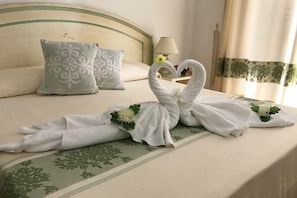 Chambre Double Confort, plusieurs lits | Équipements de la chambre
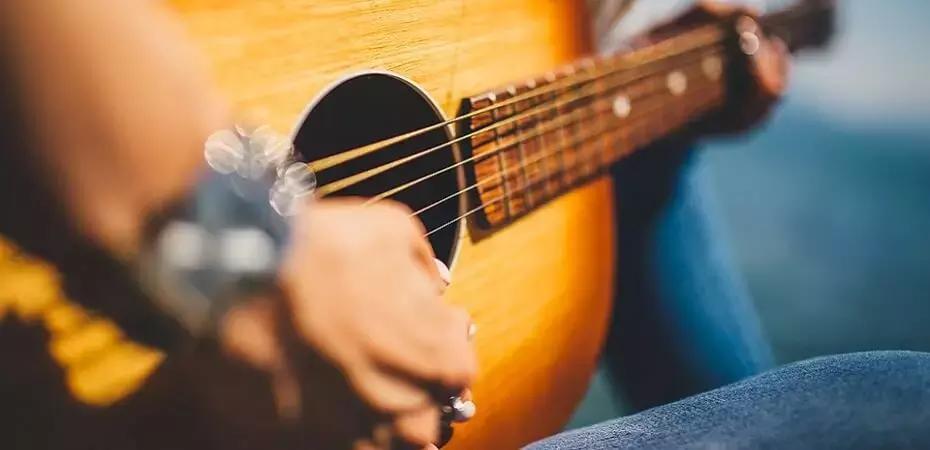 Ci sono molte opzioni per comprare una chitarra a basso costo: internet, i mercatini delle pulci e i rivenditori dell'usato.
* * *
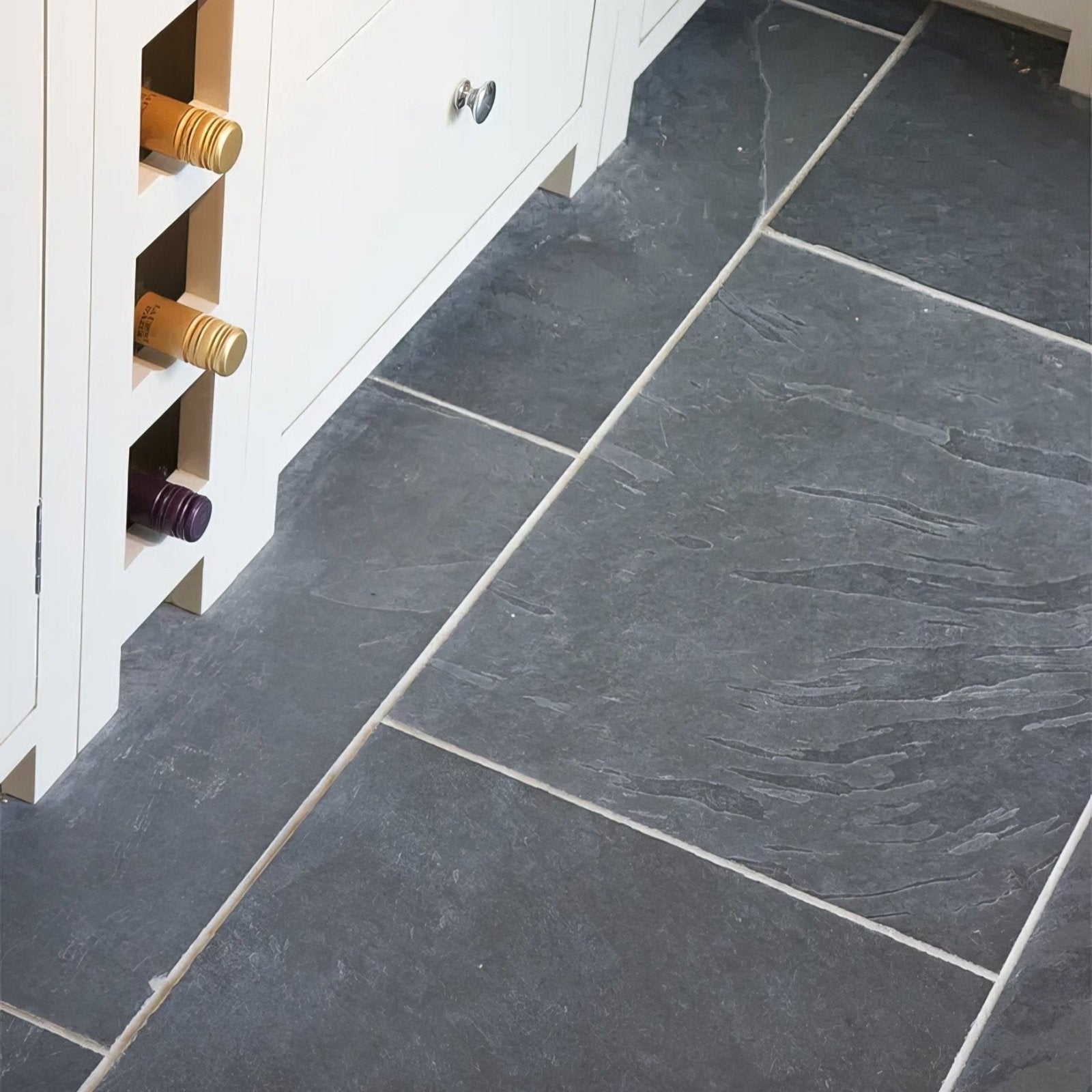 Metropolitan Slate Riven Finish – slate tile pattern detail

*The task*: Only the lines above starting with the line with "Chambre Double Confort, plusieurs" and going on through the line with "Ci sono molte" belong in the answer; repeat them exactly, minus any picture.

*Answer space*:
 Chambre Double Confort, plusieurs lits | Équipements de la chambre
 Ci sono molte opzioni per comprare una chitarra a basso costo: internet, i mercatini delle pulci e i rivenditori dell'usato.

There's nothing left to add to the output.